Putting Child Sexual Abuse Back on the Feminist Agenda

[Cross-posted from Gender & Society blog]

Child sexual abuse is a widespread and seemingly intractable problem. Highly publicized cases of child rapes at Penn State and in the Catholic Church have brought attention to the issue of child sexual abuse. Beyond the publicized cases, sexual violence against children and adolescents is widespread. At least half of forcible rapes reported to police are against minors and 17% of girls and 4% of boys age 14-17 report ever having been sexually assaulted. Although feminist sociologists have been largely silent on the issue, we have a lot to contribute to understanding social responses to child sexual abuse. In turn, the way we think about child sexual abuse shapes the solutions we can imagine to the problem.

Child sexual abuse and social responses to it are structured by intersecting dimensions of inequality: gender, race, class, and – centrally – age. Children and adolescents have limited legal rights or social, economic, and political power and little influence over the child protective and criminal justice institutions charged with protecting them. As a result, they are vulnerable to assault and exploitation by adults. Sexual assault against children also is shaped by gender, including patriarchal power in the family and girls’ and boys’ different positions in schools and the public sphere. Child sexual abuse is also shaped by race and class. Institutions, including schools, child welfare, and law enforcement, commit and permit violence against children differentially, according to race and class, and communities of color have a well-founded mistrust of police that can make them reluctant to report assailants, as Beth Richie shows. Low-income and racial minority families are more subject to surveillance by state agencies, while sexual abuse can go undetected in racially and class privileged families. While white girls are viewed as vulnerable innocents, boys of color are framed as sexually dangerous, and their own sexual victimization is virtually invisible. Thinking about child sexual abuse intersectionally points to the need to better respond to sexual victimization among children of color, decrease structural vulnerabilities of age, and incorporate challenges to gendered power (as it operates against both girls and boys) into responses to child sexual abuse.

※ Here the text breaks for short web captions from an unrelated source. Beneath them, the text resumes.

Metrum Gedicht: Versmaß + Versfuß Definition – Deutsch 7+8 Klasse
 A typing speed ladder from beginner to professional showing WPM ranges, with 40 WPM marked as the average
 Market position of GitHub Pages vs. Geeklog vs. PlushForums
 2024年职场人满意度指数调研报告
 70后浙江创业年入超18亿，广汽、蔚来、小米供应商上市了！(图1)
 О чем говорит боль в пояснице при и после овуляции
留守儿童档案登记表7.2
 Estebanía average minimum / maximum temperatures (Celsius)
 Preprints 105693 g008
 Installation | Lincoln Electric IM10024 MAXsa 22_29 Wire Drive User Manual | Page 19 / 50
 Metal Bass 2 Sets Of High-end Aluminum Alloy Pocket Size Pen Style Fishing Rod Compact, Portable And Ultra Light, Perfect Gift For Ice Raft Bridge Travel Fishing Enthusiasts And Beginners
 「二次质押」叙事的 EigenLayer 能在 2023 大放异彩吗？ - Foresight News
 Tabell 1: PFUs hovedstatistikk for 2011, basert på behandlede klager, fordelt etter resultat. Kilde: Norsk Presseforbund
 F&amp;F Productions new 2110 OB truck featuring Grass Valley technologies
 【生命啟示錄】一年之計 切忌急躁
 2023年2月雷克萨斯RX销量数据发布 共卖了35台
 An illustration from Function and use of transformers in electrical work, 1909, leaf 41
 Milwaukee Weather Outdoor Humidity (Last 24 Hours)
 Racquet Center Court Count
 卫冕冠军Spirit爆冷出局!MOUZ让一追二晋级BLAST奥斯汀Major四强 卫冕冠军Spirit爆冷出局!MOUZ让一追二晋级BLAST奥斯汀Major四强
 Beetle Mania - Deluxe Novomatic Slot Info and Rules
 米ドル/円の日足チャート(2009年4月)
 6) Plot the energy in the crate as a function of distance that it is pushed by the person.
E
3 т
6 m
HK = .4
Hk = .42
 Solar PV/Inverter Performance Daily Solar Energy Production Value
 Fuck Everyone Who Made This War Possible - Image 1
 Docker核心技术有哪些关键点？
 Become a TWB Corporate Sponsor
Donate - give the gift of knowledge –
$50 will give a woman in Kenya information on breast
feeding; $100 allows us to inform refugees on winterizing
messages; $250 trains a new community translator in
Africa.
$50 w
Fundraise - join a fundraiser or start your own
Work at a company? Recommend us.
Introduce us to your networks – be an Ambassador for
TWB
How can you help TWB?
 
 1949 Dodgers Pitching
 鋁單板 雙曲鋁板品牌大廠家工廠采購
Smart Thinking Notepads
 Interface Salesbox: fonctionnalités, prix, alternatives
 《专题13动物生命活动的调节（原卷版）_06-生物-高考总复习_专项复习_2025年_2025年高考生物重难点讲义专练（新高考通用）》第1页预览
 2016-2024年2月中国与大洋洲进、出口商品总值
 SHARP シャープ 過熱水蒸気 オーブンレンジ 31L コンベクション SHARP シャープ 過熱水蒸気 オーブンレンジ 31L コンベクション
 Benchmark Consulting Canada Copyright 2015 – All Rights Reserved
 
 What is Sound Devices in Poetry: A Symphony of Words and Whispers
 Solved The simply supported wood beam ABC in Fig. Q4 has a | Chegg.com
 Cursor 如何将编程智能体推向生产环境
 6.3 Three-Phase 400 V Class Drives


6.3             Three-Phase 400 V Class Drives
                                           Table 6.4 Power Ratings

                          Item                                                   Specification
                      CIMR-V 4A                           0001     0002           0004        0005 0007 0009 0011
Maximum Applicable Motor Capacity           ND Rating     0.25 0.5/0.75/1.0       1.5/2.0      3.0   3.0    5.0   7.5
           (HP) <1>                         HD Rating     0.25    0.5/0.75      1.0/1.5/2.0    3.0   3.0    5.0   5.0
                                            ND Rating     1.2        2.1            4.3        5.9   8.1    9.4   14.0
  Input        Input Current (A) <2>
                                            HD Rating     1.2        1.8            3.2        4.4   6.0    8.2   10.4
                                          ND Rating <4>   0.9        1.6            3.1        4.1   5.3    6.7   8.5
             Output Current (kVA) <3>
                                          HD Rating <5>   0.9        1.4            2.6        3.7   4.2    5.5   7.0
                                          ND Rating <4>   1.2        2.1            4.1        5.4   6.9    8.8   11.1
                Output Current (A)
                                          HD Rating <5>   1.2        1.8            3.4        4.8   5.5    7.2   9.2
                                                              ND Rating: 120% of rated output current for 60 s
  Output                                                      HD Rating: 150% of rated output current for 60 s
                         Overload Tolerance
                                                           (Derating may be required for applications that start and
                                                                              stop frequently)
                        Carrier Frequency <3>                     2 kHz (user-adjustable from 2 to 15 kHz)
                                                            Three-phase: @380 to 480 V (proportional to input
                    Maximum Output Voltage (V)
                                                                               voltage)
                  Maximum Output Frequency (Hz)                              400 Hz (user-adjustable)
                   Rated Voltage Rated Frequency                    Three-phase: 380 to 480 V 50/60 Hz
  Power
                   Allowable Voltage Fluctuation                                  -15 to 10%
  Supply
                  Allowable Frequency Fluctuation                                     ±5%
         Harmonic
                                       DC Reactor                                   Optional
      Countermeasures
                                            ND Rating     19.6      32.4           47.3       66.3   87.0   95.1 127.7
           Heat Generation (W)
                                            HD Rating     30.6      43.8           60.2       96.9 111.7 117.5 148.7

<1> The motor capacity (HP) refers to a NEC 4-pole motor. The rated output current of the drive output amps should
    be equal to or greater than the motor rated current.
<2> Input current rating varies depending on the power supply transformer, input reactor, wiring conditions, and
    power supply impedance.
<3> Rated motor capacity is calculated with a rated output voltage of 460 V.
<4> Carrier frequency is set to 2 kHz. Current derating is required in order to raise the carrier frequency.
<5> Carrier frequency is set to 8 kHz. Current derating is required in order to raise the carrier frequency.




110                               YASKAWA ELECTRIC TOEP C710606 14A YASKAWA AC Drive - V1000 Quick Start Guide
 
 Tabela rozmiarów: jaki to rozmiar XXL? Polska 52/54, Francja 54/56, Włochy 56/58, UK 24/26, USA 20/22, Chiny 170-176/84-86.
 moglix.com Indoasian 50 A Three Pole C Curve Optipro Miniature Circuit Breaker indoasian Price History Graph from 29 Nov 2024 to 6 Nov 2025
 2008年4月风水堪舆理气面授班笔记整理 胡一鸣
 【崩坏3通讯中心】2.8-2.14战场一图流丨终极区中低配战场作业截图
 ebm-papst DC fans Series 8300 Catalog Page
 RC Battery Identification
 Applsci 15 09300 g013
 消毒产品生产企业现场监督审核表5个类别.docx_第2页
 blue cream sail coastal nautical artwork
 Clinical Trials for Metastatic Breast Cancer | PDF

To complicate matters, consensual sexual activity among adolescents may be legally defined as child sexual abuse. Research on adolescent sexual activity is rarely framed in terms of child sexual abuse. But children and adolescents of all ages are often conflated under the law. In some jurisdictions, all sexual relationships between teenagers are illegal; in some, they are considered child sexual assault if one partner turns 18 before the other. Teenagers also can be prosecuted under child pornography law for consensual “sexting.” Prosecution is more likely in same-sex relationships and for youth of color. While the law assumes that it is impossible for adolescents to consent to sex, a central question for feminists studying adolescent sexuality is the tension between sexual desire and societal shaping and silencing of desire. We need to simultaneously analyze girls’ sexual agency alongside their structural inequalities, power imbalance with adults, and the very real prevalence of sexual violence.

Societal responses to child sexual abuse are clearly inadequate and, often, counterproductive. The prevailing response emphasizes prosecution and punishment, consistent with the rise of the prison state. Sex offenders come in for particularly harsh rhetoric and post-incarceration punishment. Yet carceral responses – rightly criticized by feminists as racist and for strengthening state control– have little actual effect on child sexual abuse. Given children’s structural powerlessness, scholars and activists should consider seriously what societal responses could effectively intervene in child sexual abuse without strengthening a racist and sexist criminal justice system.

Child sexual abuse is an urgent problem with little effective response. It was feminist activists and theorists who brought child sexual abuse into public view in the 1970s and 1980s, but as the issue gained mainstream attention, feminist analyses became peripheral. As the issue returns to public attention, feminist scholarship is crucial to academic understanding and effective social response.